Das ehrliche Übervertrauen der Männer, die Selbstvertrauenslücke der Frauen

Die Columbia Business School in New York nennt das Phänomen, dass Männer sich in der Regel kompetenter einschätzen als sie tatsächlich sind “ehrliches Übervertrauen”. Nach den Angaben der Columbia Business School überschätzen Männer ihre eigenen Fähigkeiten um circa 30 Prozent. Sie täuschen das Selbstvertrauen dabei nicht vor, sie glauben tatsächlich daran. Wir Frauen dagegen haben die Neigung, unsere Fähigkeiten zu unterschätzen.

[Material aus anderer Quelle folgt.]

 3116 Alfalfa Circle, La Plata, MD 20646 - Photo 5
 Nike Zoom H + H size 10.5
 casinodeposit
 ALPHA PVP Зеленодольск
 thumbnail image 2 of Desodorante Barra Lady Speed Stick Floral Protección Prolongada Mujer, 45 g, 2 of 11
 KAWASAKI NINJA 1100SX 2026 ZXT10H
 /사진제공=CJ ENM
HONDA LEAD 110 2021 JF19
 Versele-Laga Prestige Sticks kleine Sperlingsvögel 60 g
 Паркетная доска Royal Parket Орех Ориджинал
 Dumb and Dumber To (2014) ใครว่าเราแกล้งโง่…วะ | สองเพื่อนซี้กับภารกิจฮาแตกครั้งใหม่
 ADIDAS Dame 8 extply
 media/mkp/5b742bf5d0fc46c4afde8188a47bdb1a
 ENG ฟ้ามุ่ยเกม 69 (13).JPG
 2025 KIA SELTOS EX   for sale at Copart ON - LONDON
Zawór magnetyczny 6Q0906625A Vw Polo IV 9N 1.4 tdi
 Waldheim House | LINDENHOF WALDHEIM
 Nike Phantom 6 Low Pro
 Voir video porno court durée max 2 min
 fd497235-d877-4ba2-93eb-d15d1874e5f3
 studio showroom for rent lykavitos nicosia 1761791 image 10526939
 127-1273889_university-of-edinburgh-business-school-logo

Unser Talent schätzen wir geringer ein als es tatsächlich ist.  Wir nennen dies „Selbstvertrauenslücke“, im Laufe einer Karriere kann dies zu weniger Beförderungen, begrenzter Chancengleichheit und geringerer Bezahlung führen.

 

Es gibt keinen einzigen Beleg für geringere Frauen-Kompetenz

Der 100-Women-Challenge, den die BBC derzeit ausrichtet, ist Teil einer breiter angelegten Initiative, die dieses Missverhältnis beheben will. Es ist ein Defizit, für das es keine reale Begründung gibt. Es gibt nicht einen Beleg dafür, dass wir Frauen weniger kompetent als unsere männlichen Kollegen sind. In unserer akademischen Ausbildung schneiden wir im Durchschnitt besser als Männer ab, was uns oft fehlt, ist das nötige Selbstvertrauen.

 

Gleiche Leistung von Männern und Frauen – verschiedene Beurteilung

Eine aufschlussreiche Sozialstudie führte mit Männern und Frauen ein wissenschaftliches Argumentations-Quiz durch und zeigte: Frauen sagen fast immer, dass sie schlechter abgeschnitten haben, als sich tatsächlich später herausstellt. Bei Männern ist es umgekehrt. Letztlich zeigen Männer und Frauen in etwa die gleichen Leistungen.

 

Wie oft haben Sie schon eine Frau sagen hören sie „habe Glück gehabt, soweit in ihrer Karriere gekommen zu sein“? Oder sie „war zur richtigen Zeit am richtigen Ort“? Oder in meinem eigenen Fall: Ich sagte und glaubte immer, der einzige Grund für meinen Erfolg in den USA sei mein britischer Akzent. Es konnte nicht sein, dass ich einfach einen guten Job machte oder hart arbeitete? Das wäre ein Unding.

 

Noch immer geringere Bezahlung und fehlende weibliche Vorbilder

Ich bin kein unverbesserlicher Optimist. Ich glaube nicht, dass eine Überwindung dieser Selbstvertrauenslücke an sich schon die Spielregeln zwischen Männern und Frauen ausgleichen würde. Es gibt strukturelle Ungleichheiten, die nicht allein mit Selbstvertrauen ausgemerzt werden können. Es gibt immer noch nicht die gleiche Bezahlung für die gleiche Arbeit. Der Mangel an Vorbildern auf Top-Ebene zieht nach sich, dass Frauen nicht einfach nach oben schauen können und ein Bild von sich selbst sehen, wie Männer es können. Und es gibt immer noch Diskriminierung.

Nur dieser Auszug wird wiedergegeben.